Today would have been the glorious Marlene Dietrich’s 116th birthday. To celebrate, Google asked reigning RDR champion Sasha Velour to create today’s Google Doodle in her honor.
I was so honored to create the artwork for today’s Google Doodle to honor Marlene Dietrich’s 116th Birthday. She’s a true icon. https://t.co/KGMb5OXZBv
— Sasha Velour (@sasha_velour) December 27, 2017
“She was a wild original!” Sasha said to Google. “Despite the pressures of the time, she followed her own course, especially in terms of politics and gender.“As a drag queen, that’s particularly inspiring to me. Plus, she just had this power to her…in every role she’s mysterious and strong, brilliant. That’s what I aspire to be when I step on the stage.”
Sasha, you might recall, did Marlene for her “Snatch Game” appearance. Here she is below.
Some of Sasha’s early drafts:
Born Maria Magdalene Dietrich in Berlin on this day in 1901, Marlene Dietrich lit up the silver screen during Hollywood’s Golden Age.
Dietrich rocketed to international fame from the moment she appeared in her breakout role as cabaret singer Lola-Lola in Germany’s first talking picture, Der Blaue Engel (1930) and its English version, The Blue Angel. The actress crossed the Atlantic soon after its premiere, continuing to work with Blue Angel director Josef von Sternberg in a string of memorable Hollywood films, including Morocco, Shanghai Express, and The Devil Is a Woman.
But Dietrich was more than a femme fatale with an unforgettable voice. Ever the risk-taker, she turned pat notions about femininity upside down, donning a tuxedo and top hat in her part as a sultry nightclub dancer in Morocco, and wearing men’s silk suits offscreen.

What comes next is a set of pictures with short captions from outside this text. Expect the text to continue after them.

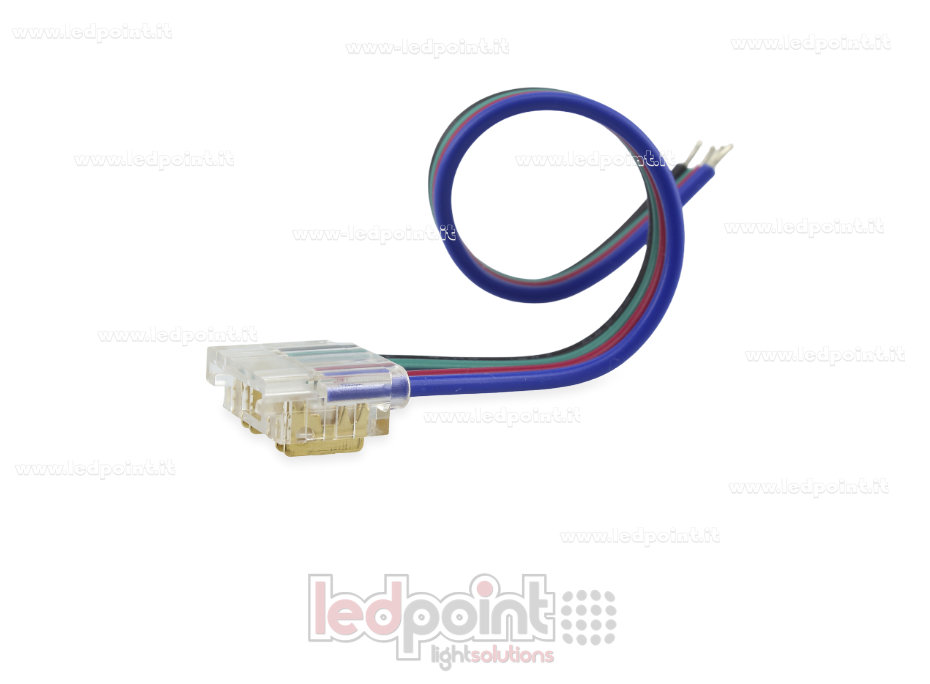 Verbinder mit 10cm Kabel, für 10mm PCB LED- und COB-Streifen, 4 Pins, transparente reduzierte Version Verbinder mit 10cm Kabel, für 10mm PCB LED- und COB-Streifen, 4 Pins, transparente reduzierte Version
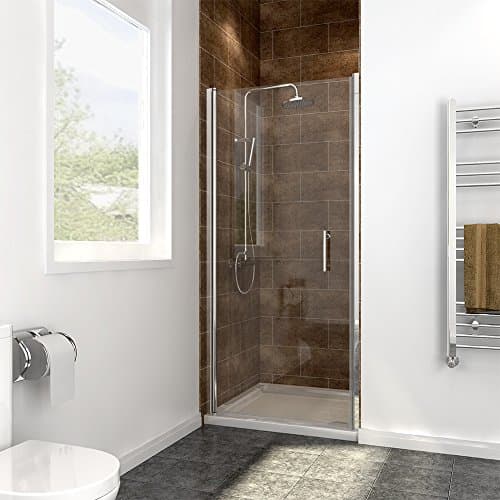 Image of ZANOFIRA 760mm Pivot Shower Door 6mm Toughened Safety Glass Frameless Shower Enclosure Door with Stainless Steel Handle, Magnetic Seal & Rise and Fall Hinges Reversible for Wet Room Bathroom
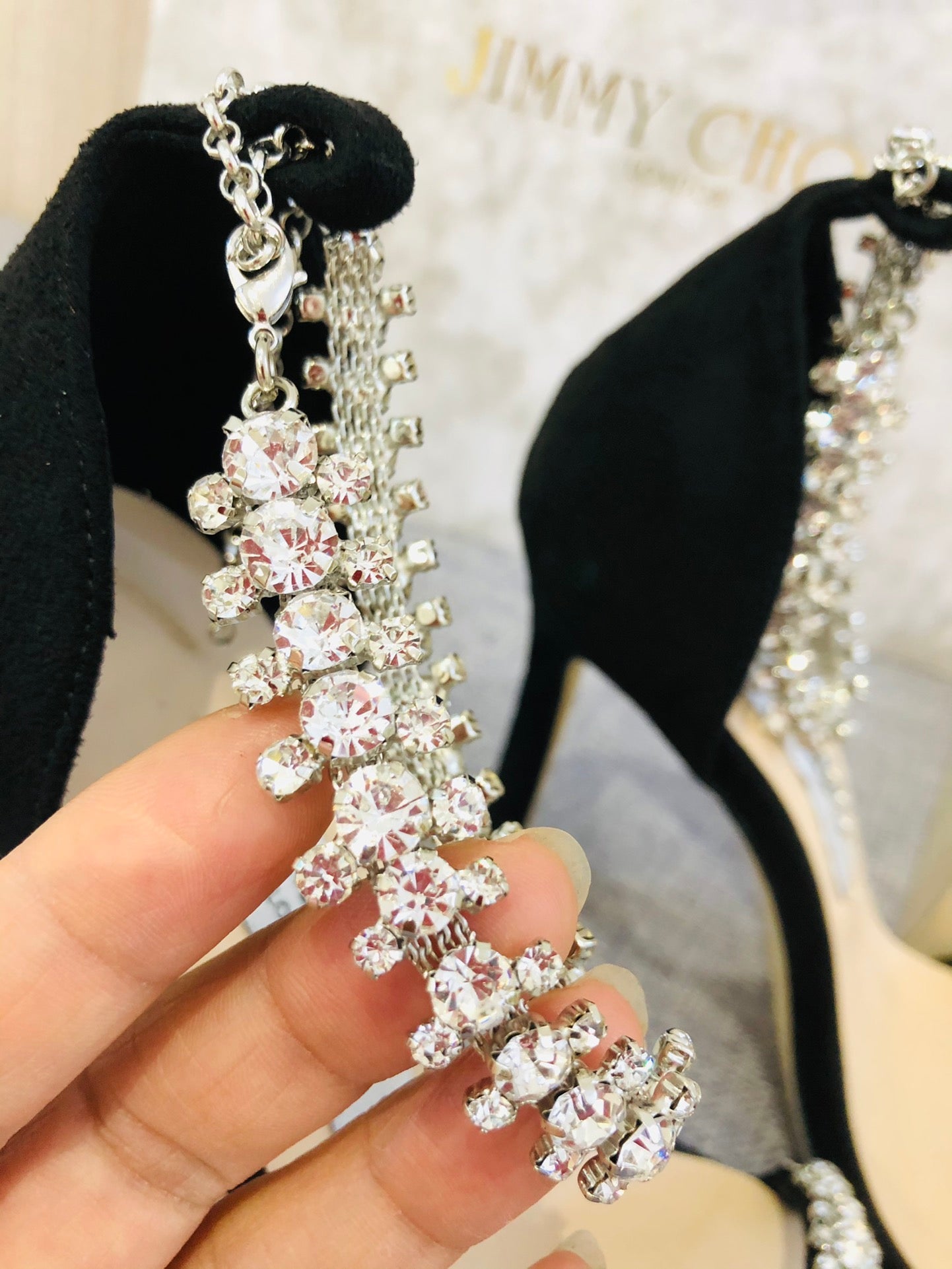 JC ** Top quality rhinestone chain buckle high heel sandals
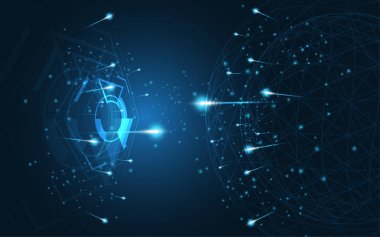 Küresel ağ bağlantısı Dünya haritası soyut teknoloji arka plan küresel iş yeniliği kavramı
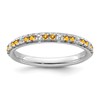 14k White Gold Stackable Expressions Citrine and Diamond Ring
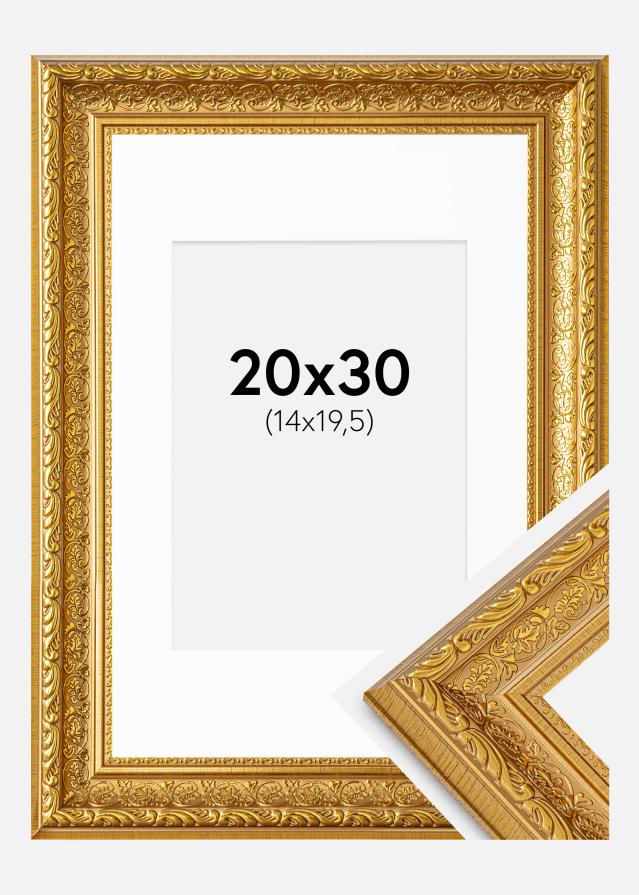Ram med passepartou Frame Ornate Gold 20x30 cm - Mounts White 15x21 cm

A U.S. citizen as of 1939, she captivated World War II troops as a USO entertainer and was awarded the U.S. Medal of Freedom and French Légion d’Honneur for her wartime work.
Dietrich’s Doodle was illustrated by artist Sasha Steinberg who captured her mid-performance, suited up in her gender-bending tux and top hat. Steinberg, who is also a drag performer under the name Sasha Velour and winner of RuPaul’s Drag Race (Season 9), counts Dietrich as a major influence in creating their drag alter ego.
“She was a wild original!” says Velour. “Despite the pressures of the time, she followed her own course, especially in terms of politics and gender. As a drag queen, that’s particularly inspiring to me. Plus, she just had this power to her…in every role she’s mysterious and strong, brilliant. That’s what I aspire to be when I step on the stage.”
Happy 116th birthday, Marlene!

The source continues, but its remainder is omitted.